Raw, Bold, Harsh, Gentle. How dare you, Julie! That is, how did you dare permit and gift the public with access to these 50 selections from your personal journals. What amazed me most is not how much Julie is made known in these writings but how much they nudge others to plunge into the depths of their own, as well as the world’s, well being. A must read for anyone who dares and is willing to be challenged by authentic truth telling. Thank you wild and wise one.

50: Thorns and Blossoms is a book of poems/short stories that you will not want to put down. I was particularly drawn to the honesty within the pages that covered a multitude of topics from racism to sexism to sexuality to religion. This book will make you really think about what you may currently believe, in a good way. It's very thought provoking! I would recommend this to anyone.
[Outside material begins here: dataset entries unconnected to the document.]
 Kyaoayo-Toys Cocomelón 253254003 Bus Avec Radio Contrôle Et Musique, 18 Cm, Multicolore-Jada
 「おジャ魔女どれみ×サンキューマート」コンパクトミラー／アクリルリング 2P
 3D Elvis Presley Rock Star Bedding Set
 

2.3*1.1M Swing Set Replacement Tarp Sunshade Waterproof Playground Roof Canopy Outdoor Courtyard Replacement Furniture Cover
Bravo Julie Todd! If you are looking to be inspired in a social justice way, a spiritual way, an independence way, a solidarity way, a meaning-making way...fill in your own...this book will cover you. Julie is an adjunct Professor at the Iliff School of Theology in Denver, and one of the most inspiring people I know. She lives in Massachusetts and she spent many years living, studying and working in Colorado, so lots of gems from these two places. But don’t get me wrong - you can be from anywhere and still love this book. This collection of 50 essays and poems (or what she calls "poetic prose") can be read from start to finish or in any order you pick and choose (my method). A few of my favorites include, "My Soul Is Tom Brady," "DUMB BITCH," "The Deer" and "When Spires Fall (Who Are We?"), which I saw her perform live before it was published. Thank you, Julie, for the inspiration!
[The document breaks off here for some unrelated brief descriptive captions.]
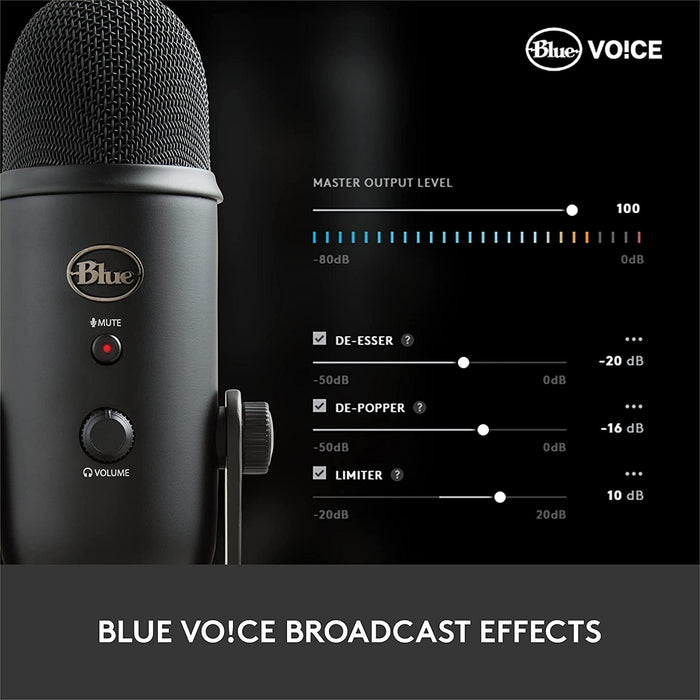 Logitech Blue Yeti Multi Pattern USB Professional Microphone All Colours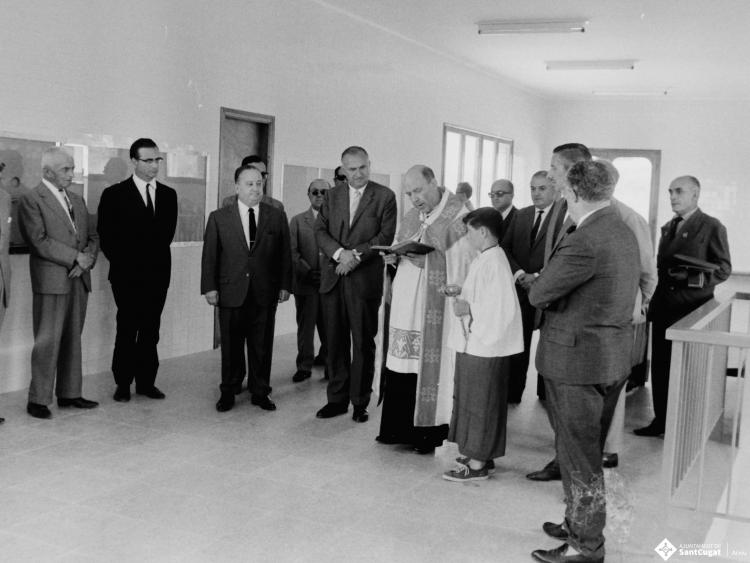 Visita institucional i benedicció de l'estació de ferrocarrils de Sant Joan.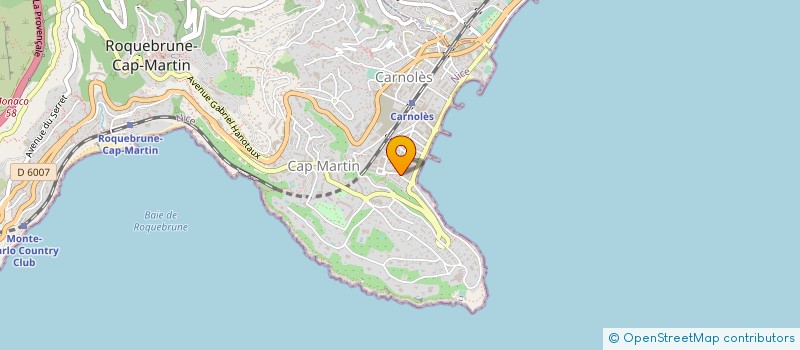 localisation de l'entreprise MONSIEUR PHILIPPE HERBET à ROQUEBRUNE-CAP-MARTIN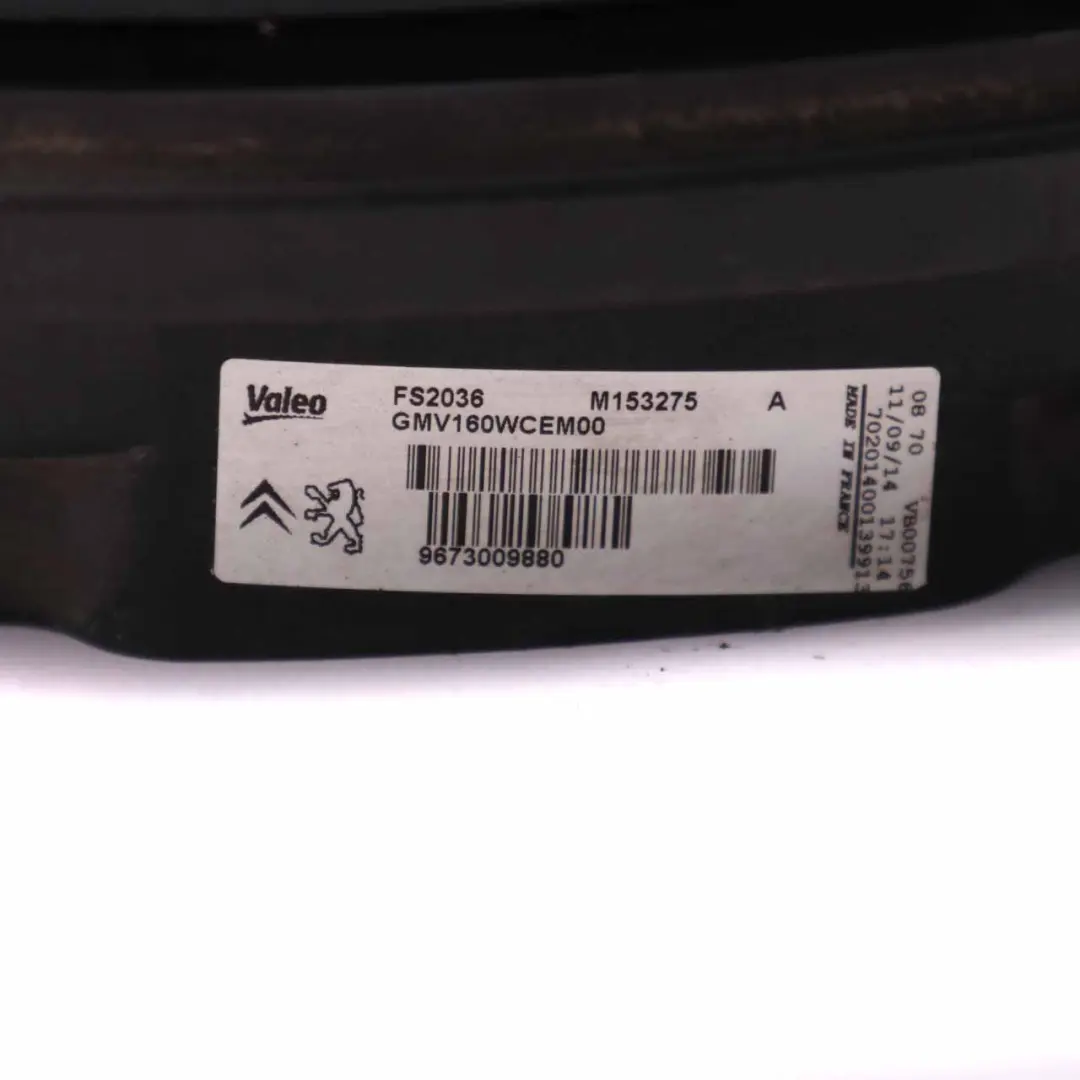  Ventilador radiador Citroen Berlingo Peugeot Partner Refrigeración 9673009880 - SKU 1253T5 - Número de pieza 1253T5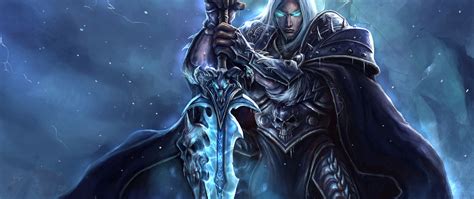 2560x1080 World Of Warcraft Lich King Arthas Menethil 2560x1080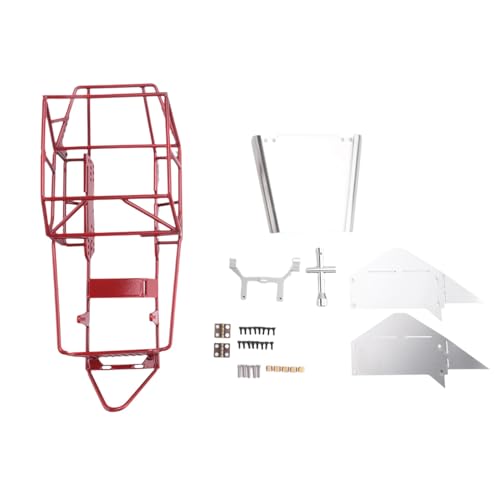 Asyduey Voll Rohr Rahmen Metall Chassis Metall KöRper ÜBerroll KäFig für C14 C24 C24-1 1/16 RC Auto Upgrade Teile, Rot von Asyduey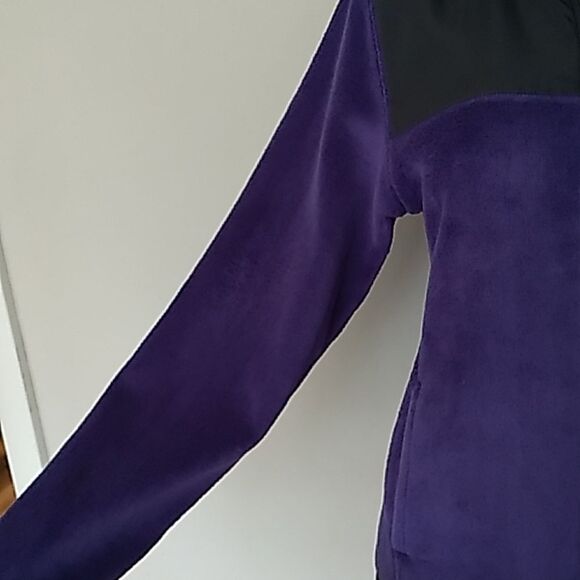 Danskin Purple/Black Fleece Zip Up Jacket. Sz S/CH - Picture 4 of 12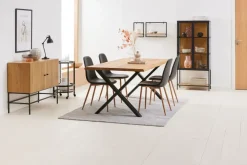 Wandplank TRAPPEDAL 2 stuks eiken kleur/zwart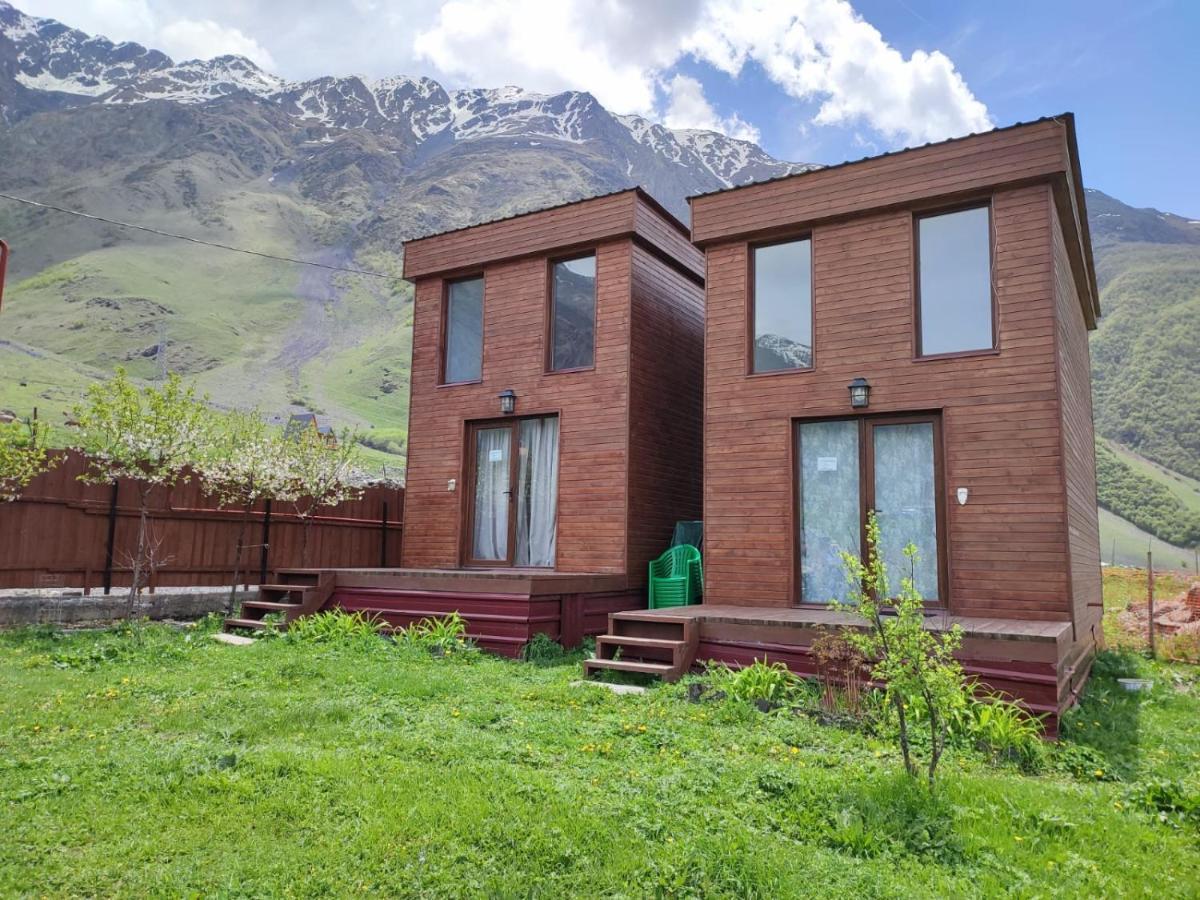 Twin Cottages Kazbegi מראה חיצוני תמונה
This remarkable and unfiltered collection documents a decade in the life of the author through thoughtful and stimulating poetry and prose. With 50 distinct pieces mirroring the author's journey through her fifth decade of life, this collection touches on everything from sexuality to religion to Tom Brady and much more. Within these writings, the boundaries between inner life and outer life become delightfully blurred, giving voice to a contemplative activism striving for a fully-integrated life and witness. Highlights for me include "My Soul is Tom Brady" (even Pats-haters will appreciate this one), "Ordination Day (I Shit Myself)", "Still Can't Fucking Write", "I Will Not Join the What the Fuck Army of One", and "When Spires Fall (Who Are We?)" This book is a gift to anyone who is searching for their own voice in the midst of their own life and many readers and writers will find a humorous, alternately comforting and discomforting, fellow traveler in this volume.